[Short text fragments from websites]
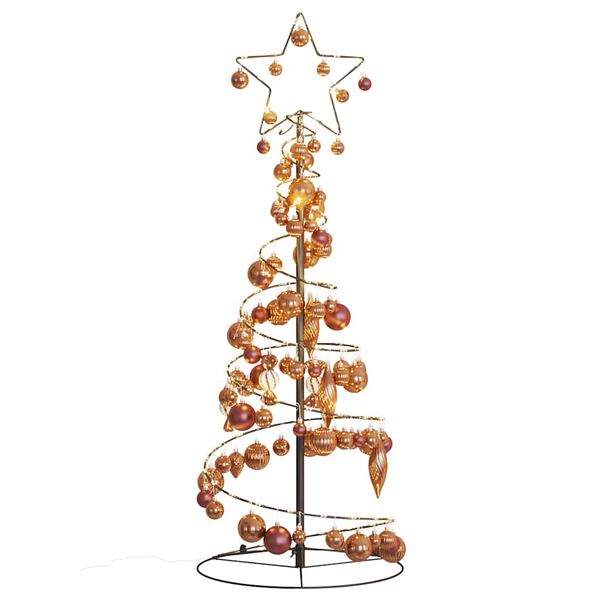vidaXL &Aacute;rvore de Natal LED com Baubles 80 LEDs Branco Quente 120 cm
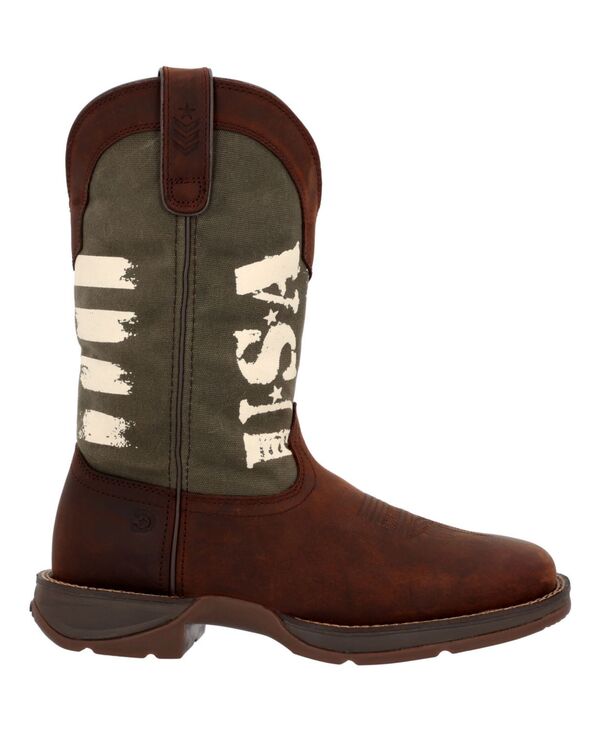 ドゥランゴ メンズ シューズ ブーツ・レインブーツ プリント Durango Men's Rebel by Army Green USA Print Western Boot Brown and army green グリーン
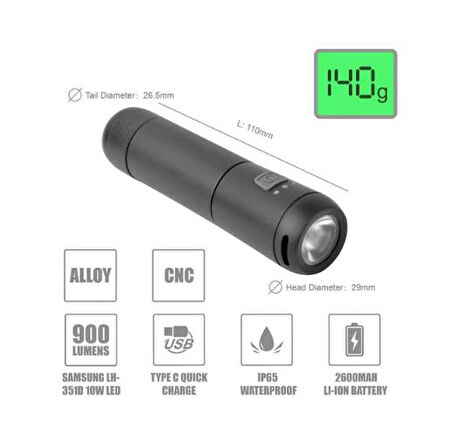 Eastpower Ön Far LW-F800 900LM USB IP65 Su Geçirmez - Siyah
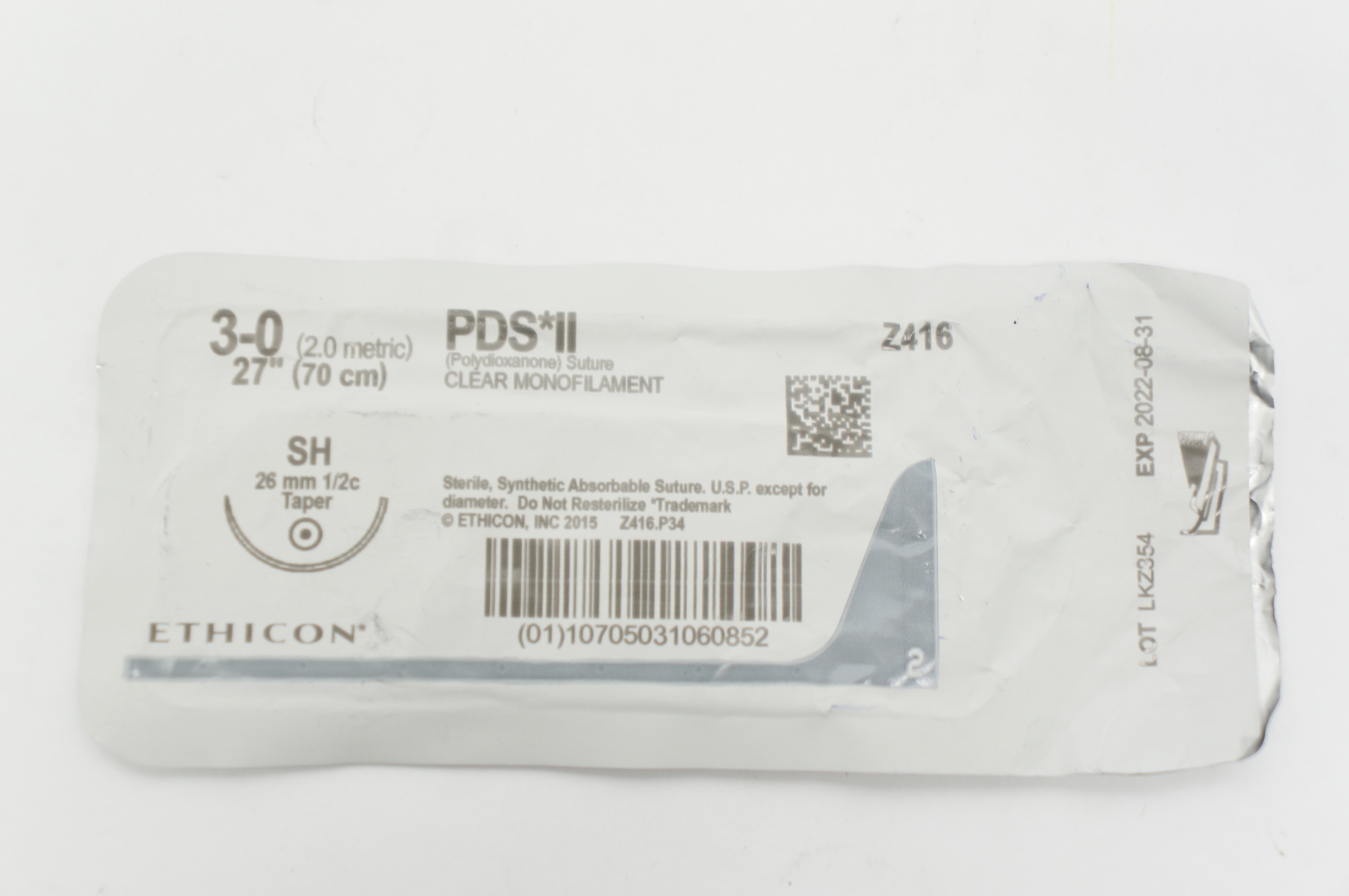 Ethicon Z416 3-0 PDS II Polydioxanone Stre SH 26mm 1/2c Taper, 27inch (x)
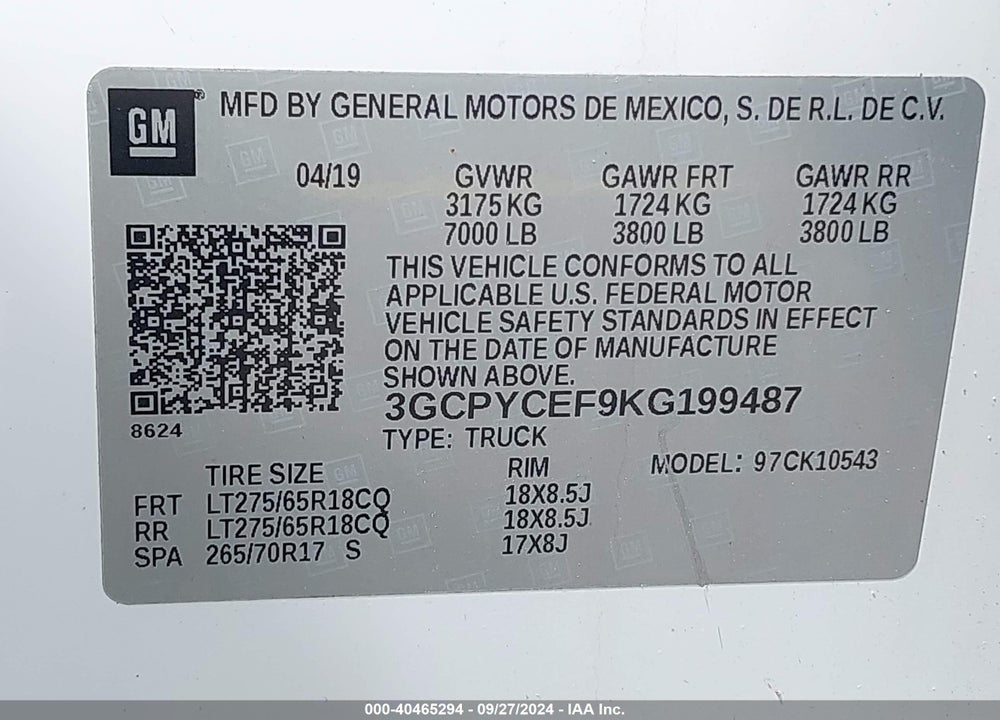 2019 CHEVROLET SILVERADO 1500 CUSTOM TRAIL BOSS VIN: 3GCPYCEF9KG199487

▶ _Required action_
Transcribe all of the entries word for word, but skip any pictures they contain.

▶ _Output of the exercise_
vidaXL &Aacute;rvore de Natal LED com Baubles 80 LEDs Branco Quente 120 cm
 ドゥランゴ メンズ シューズ ブーツ・レインブーツ プリント Durango Men's Rebel by Army Green USA Print Western Boot Brown and army green グリーン
 Eastpower Ön Far LW-F800 900LM USB IP65 Su Geçirmez - Siyah
 Ethicon Z416 3-0 PDS II Polydioxanone Stre SH 26mm 1/2c Taper, 27inch (x)
 2019 CHEVROLET SILVERADO 1500 CUSTOM TRAIL BOSS VIN: 3GCPYCEF9KG199487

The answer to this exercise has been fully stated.